### WHAT YOU NEED TO DO
The required output is the exact run of lines in the listing below from the line holding "DJ Cat Funny" through the line holding "Humorvoller Bananen-Charakter - Recycelte", with no pictures.

** Opening DATA TO USE block **

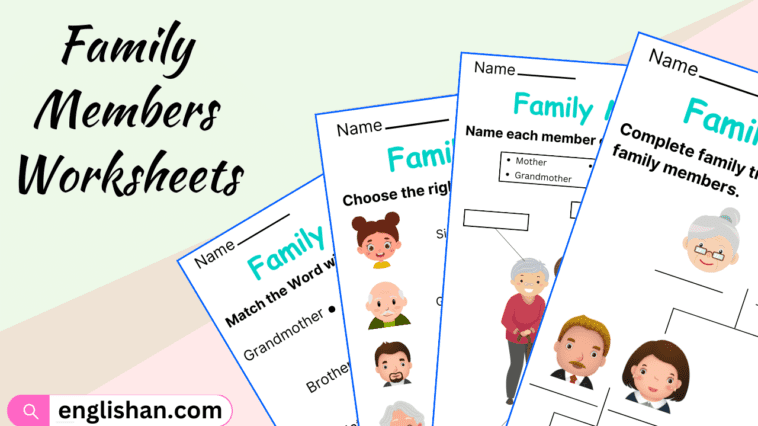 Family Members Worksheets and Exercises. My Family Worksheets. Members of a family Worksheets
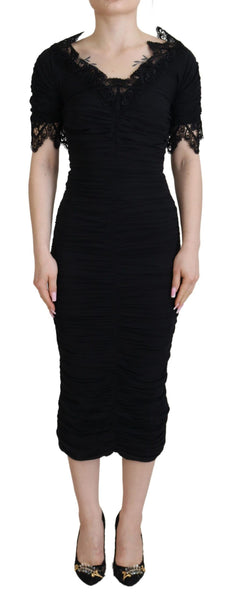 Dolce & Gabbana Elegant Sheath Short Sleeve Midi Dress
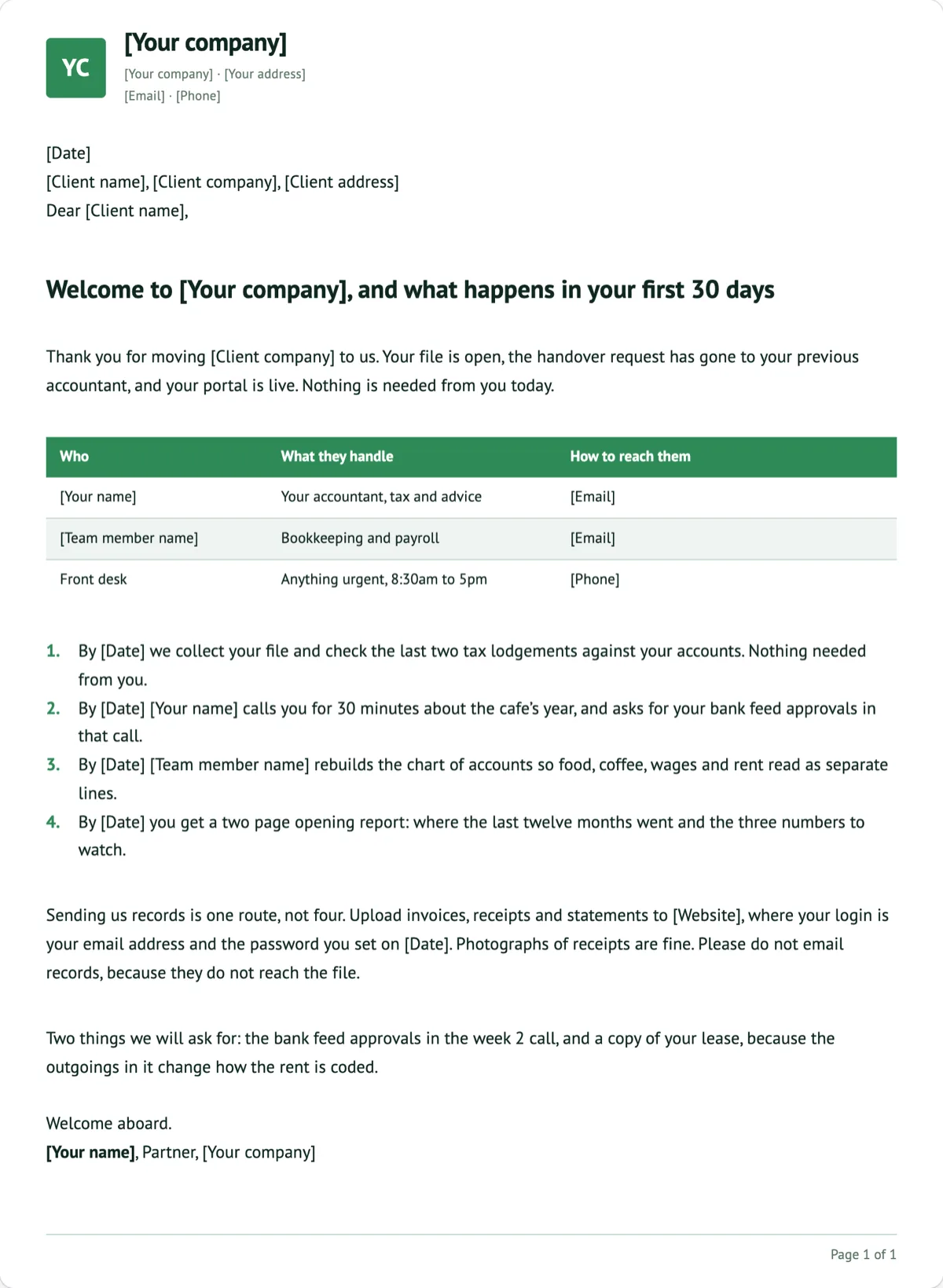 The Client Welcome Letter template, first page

** Closing DATA TO USE block **
** Opening DATA TO USE block **

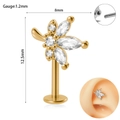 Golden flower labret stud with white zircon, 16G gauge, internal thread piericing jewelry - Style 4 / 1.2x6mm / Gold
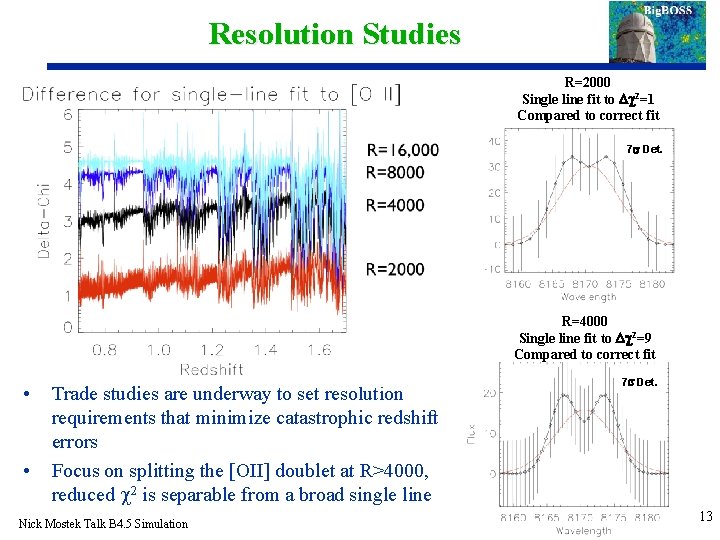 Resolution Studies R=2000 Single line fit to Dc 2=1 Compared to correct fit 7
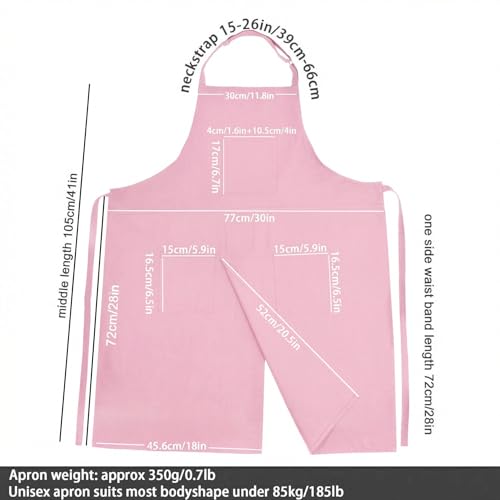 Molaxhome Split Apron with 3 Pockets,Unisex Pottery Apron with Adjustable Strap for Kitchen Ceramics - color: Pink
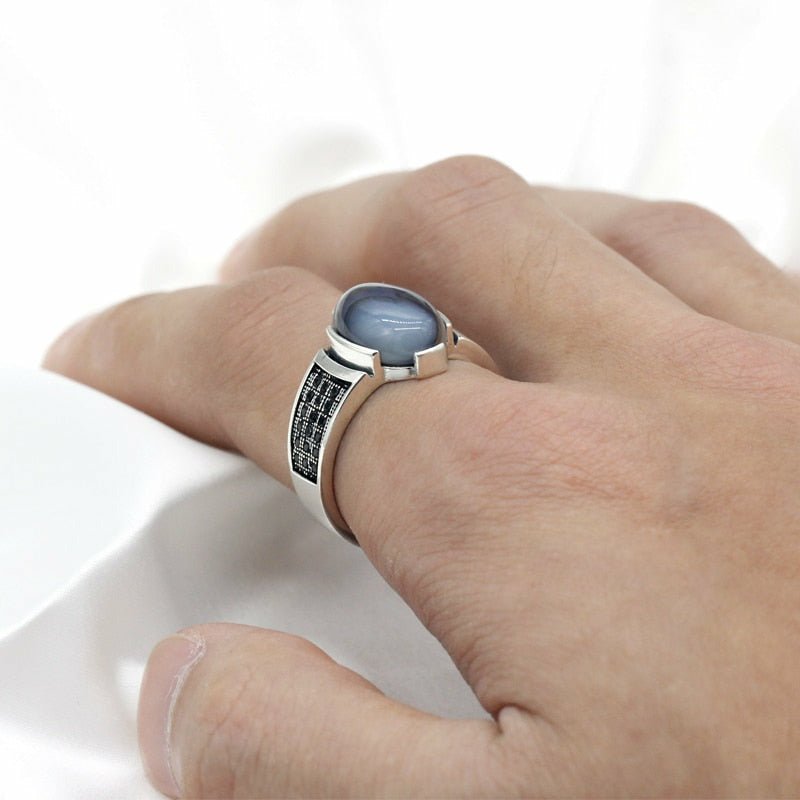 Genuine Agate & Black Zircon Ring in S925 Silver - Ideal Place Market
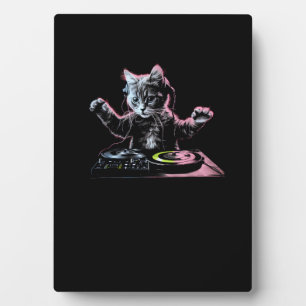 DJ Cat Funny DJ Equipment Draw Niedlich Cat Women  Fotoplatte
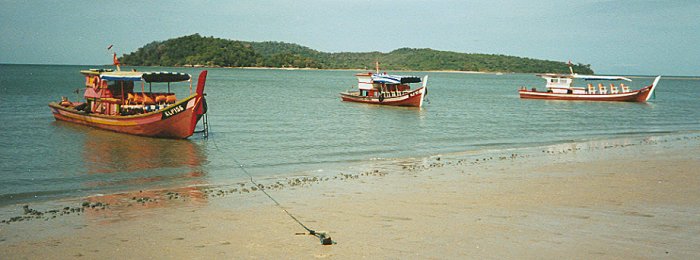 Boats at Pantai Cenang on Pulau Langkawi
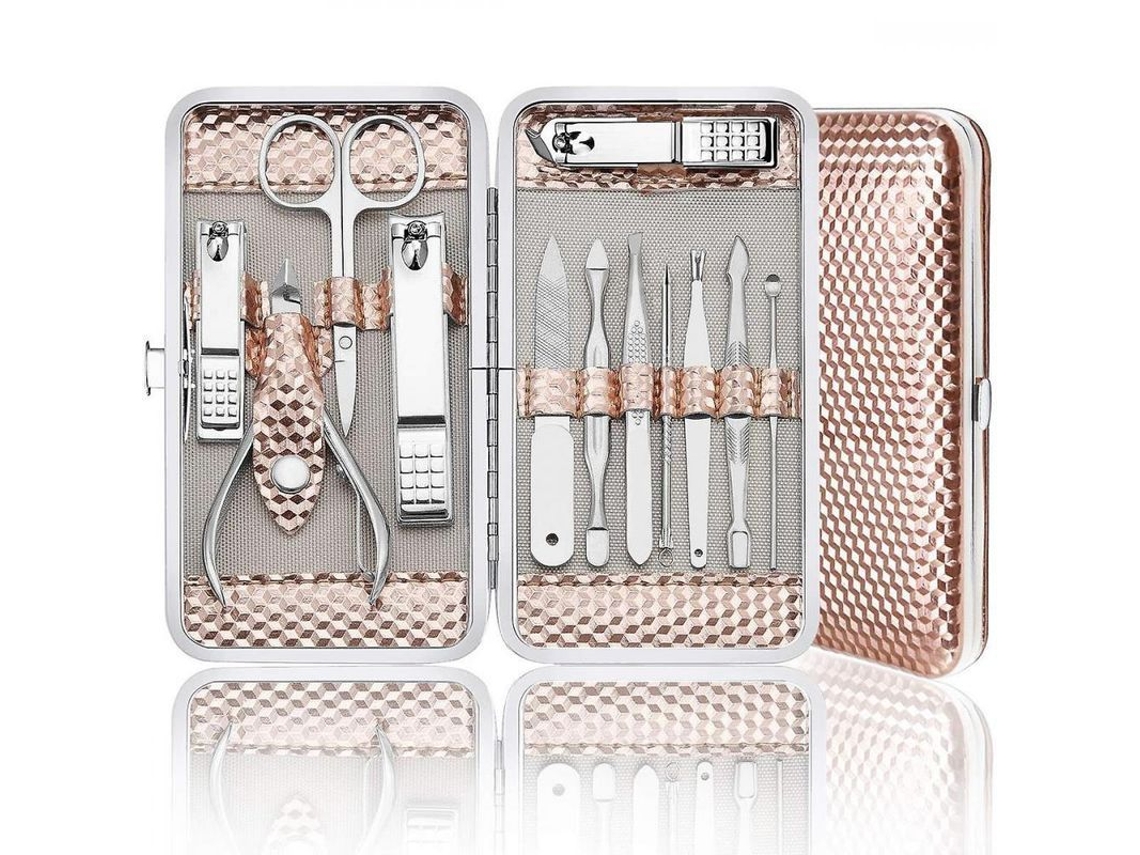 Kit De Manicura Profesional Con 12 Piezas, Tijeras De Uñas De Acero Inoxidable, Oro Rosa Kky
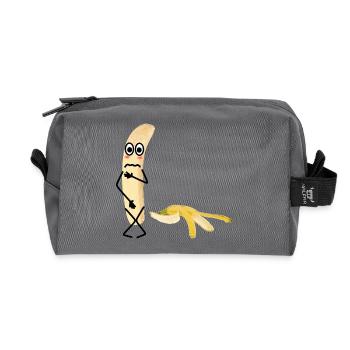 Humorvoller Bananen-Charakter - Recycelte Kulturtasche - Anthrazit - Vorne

** Closing DATA TO USE block **
** Opening DATA TO USE block **

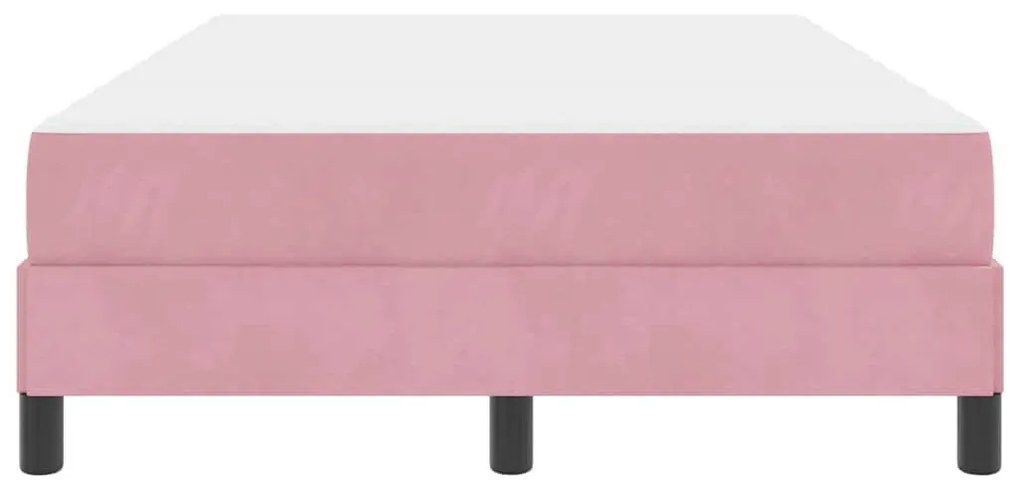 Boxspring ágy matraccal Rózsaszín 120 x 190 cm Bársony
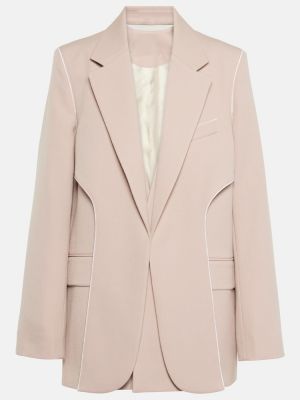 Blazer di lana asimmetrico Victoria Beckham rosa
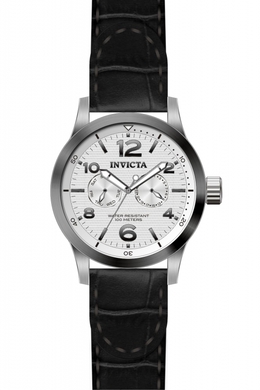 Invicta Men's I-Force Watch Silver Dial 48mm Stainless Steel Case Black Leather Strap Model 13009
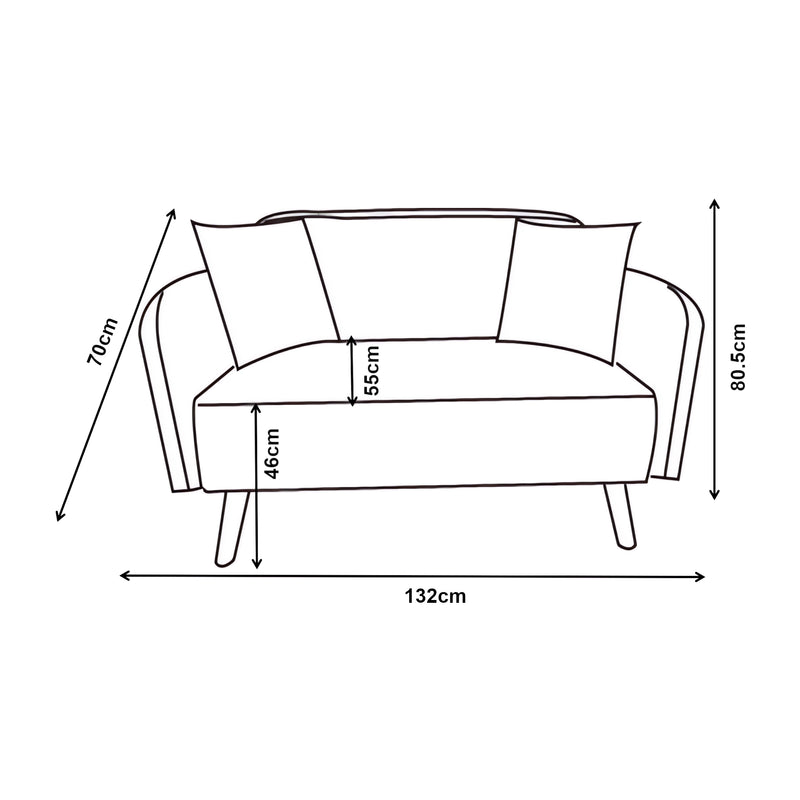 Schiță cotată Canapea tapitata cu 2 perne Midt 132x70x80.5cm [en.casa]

** Closing DATA TO USE block **

### EXPECTED ANSWER
 DJ Cat Funny DJ Equipment Draw Niedlich Cat Women  Fotoplatte
 Boats at Pantai Cenang on Pulau Langkawi
 Kit De Manicura Profesional Con 12 Piezas, Tijeras De Uñas De Acero Inoxidable, Oro Rosa Kky
 Humorvoller Bananen-Charakter - Recycelte Kulturtasche - Anthrazit - Vorne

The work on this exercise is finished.